▶ [WHAT THE EXERCISE ASKS]: Copy out the data from the line containing "If you have" to its last line, exactly. No pictures.

(Saved entries)
=-=-=-=-=
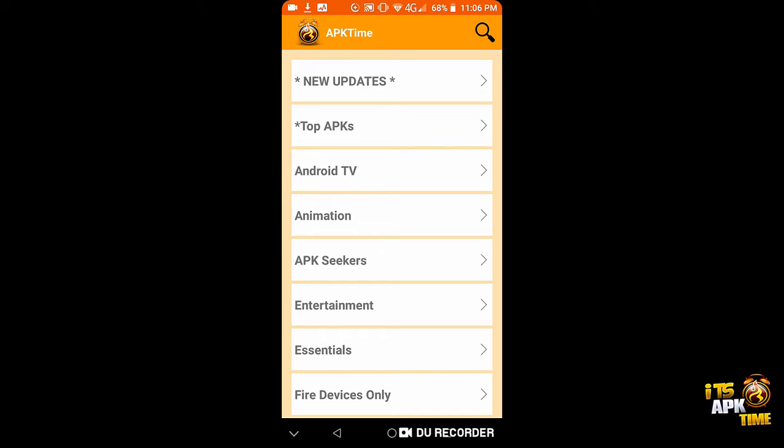As you see at the top there, we have a new category called New Updates. Now what we had originally planned was to do push notifications for new app updates within APK Time, but we felt that would be rather annoying since so many apps are updated very regularly.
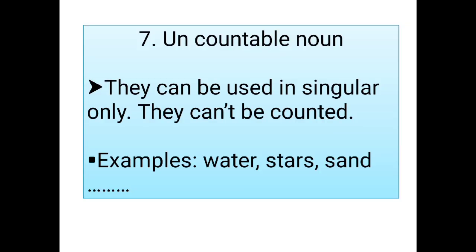Uncountable Noun. They can be used in singular only. They cannot be counted. For example: Water, Stars, Sand.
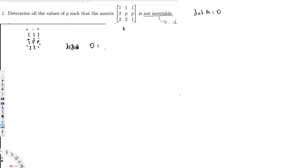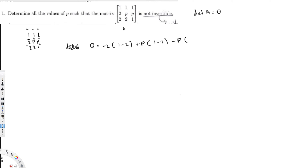So: 0 equals negative 2 times the minor — removing its row and column we get [1, 1; 2, 1], which is (1×1 − 1×2) = 1 − 2 = −1. Then plus p times the minor — removing its row and column gives [1, 1; 2, 1], which is (1×1 − 2×1) = 1 − 2 = −1. Then minus p times the next minor — removing its row and column gives [1, 2; 2, 2], which is (1×2 − 2×2) = 2 − 2 = 0.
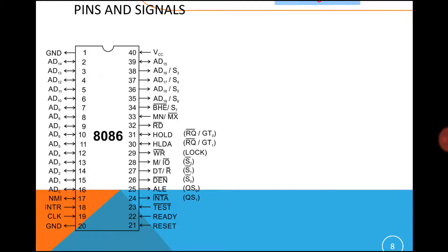Hi everybody, I am Shekhar. Today's presentation is on the pin diagram of 8086. The 8086 is a 16-bit processor released in 1978 by Intel, and it uses HMOS technology to design the microprocessor.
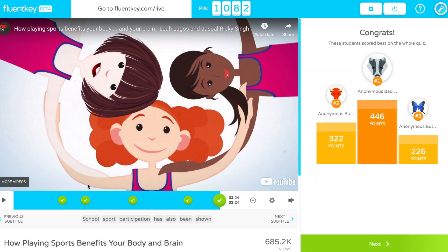The game ends when the video does, showing a final winner's podium. Then students with the most accumulated points get bragging rights.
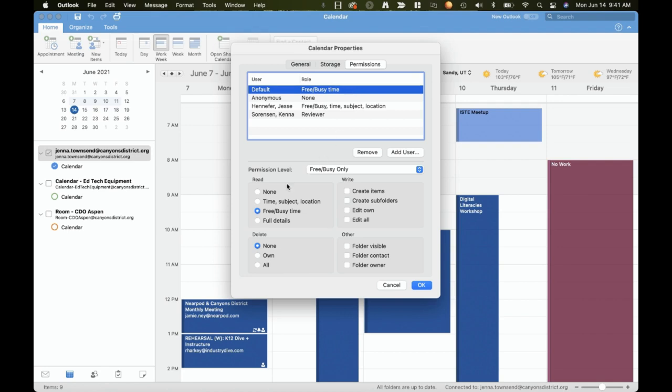You can change this down here so that people can see full details or just see free slash busy time. You can also set specific permissions for specific individuals by adding those individuals here with add user.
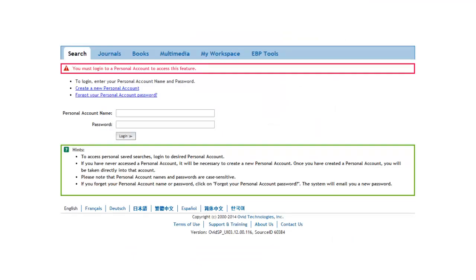If you have already set up a personal account in Ovid, you can simply log in with your username and password. If not, you will need to set up a personal account. It's free, and the way to do it is to click on Create a new personal account. This personal account will work in any Ovid database, not just in Medline.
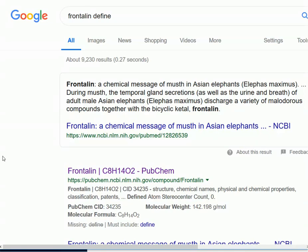This video is about frontalin. What's frontalin? A chemical message of musk in Asian elephants.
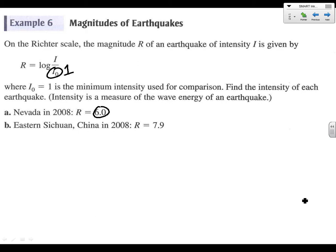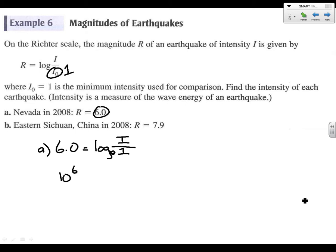In these problems, we're just going to take r and plug it in. So for A, we're going to say 6.0 equals log of i over 1. This is log base 10. If you rearrange it, you would say 10 to the 6.0 equals i. You don't have to write divided by 1 — you can just write i. So 10 to the 6 is 1,000,000.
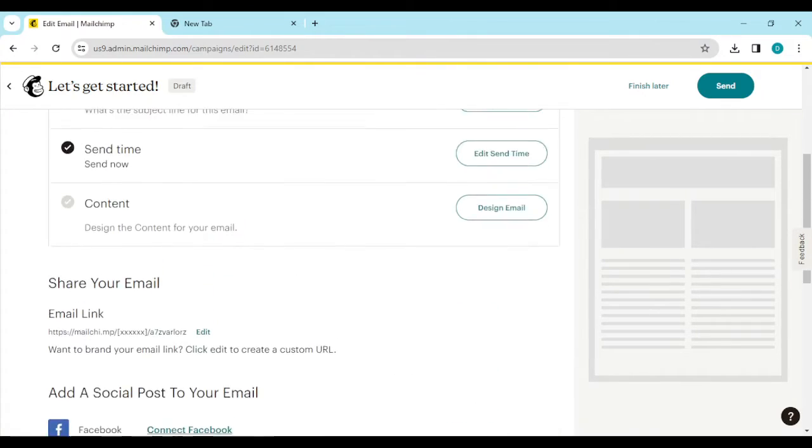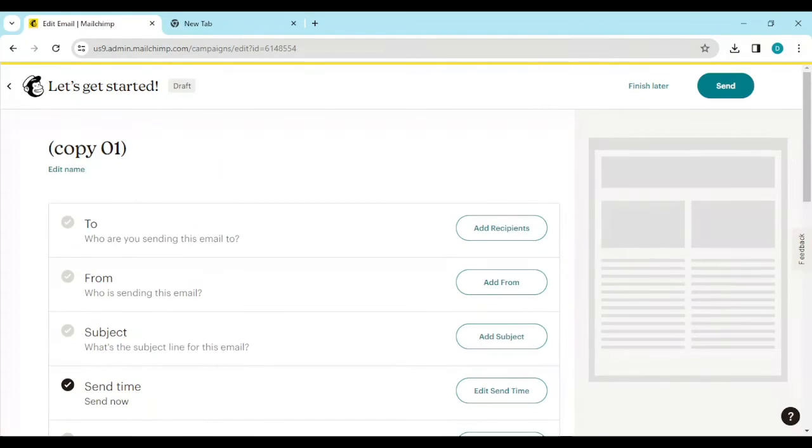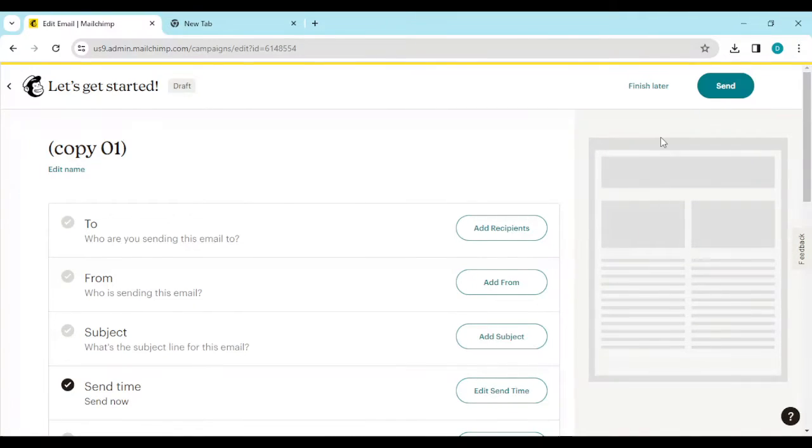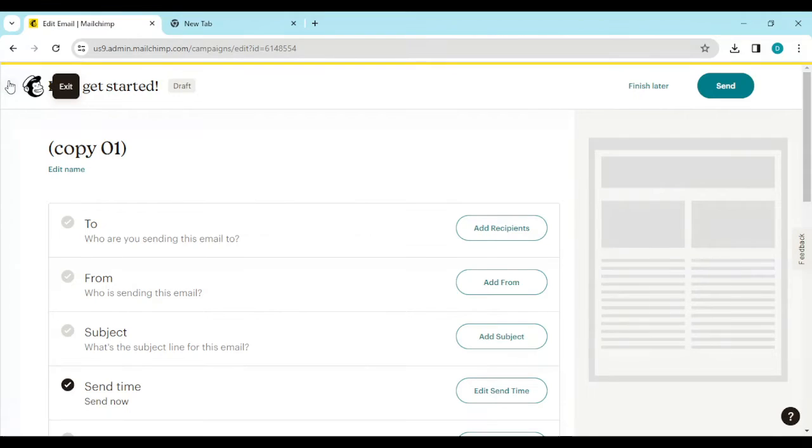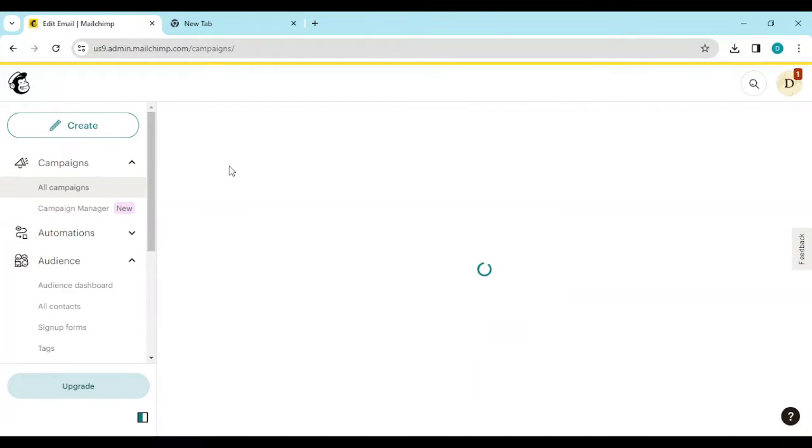Once you're done adding all of this and you've created the email, then you click on send. Once you send this email, ensure that you go back to your campaigns page. Just go back to your campaigns page.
=-=-=-=-=
▶ [EXPECTED OUTPUT]:
If you have already set up a personal account in Ovid, you can simply log in with your username and password. If not, you will need to set up a personal account. It's free, and the way to do it is to click on Create a new personal account. This personal account will work in any Ovid database, not just in Medline.
This video is about frontalin. What's frontalin? A chemical message of musk in Asian elephants.
In these problems, we're just going to take r and plug it in. So for A, we're going to say 6.0 equals log of i over 1. This is log base 10. If you rearrange it, you would say 10 to the 6.0 equals i. You don't have to write divided by 1 — you can just write i. So 10 to the 6 is 1,000,000.
Once you're done adding all of this and you've created the email, then you click on send. Once you send this email, ensure that you go back to your campaigns page. Just go back to your campaigns page.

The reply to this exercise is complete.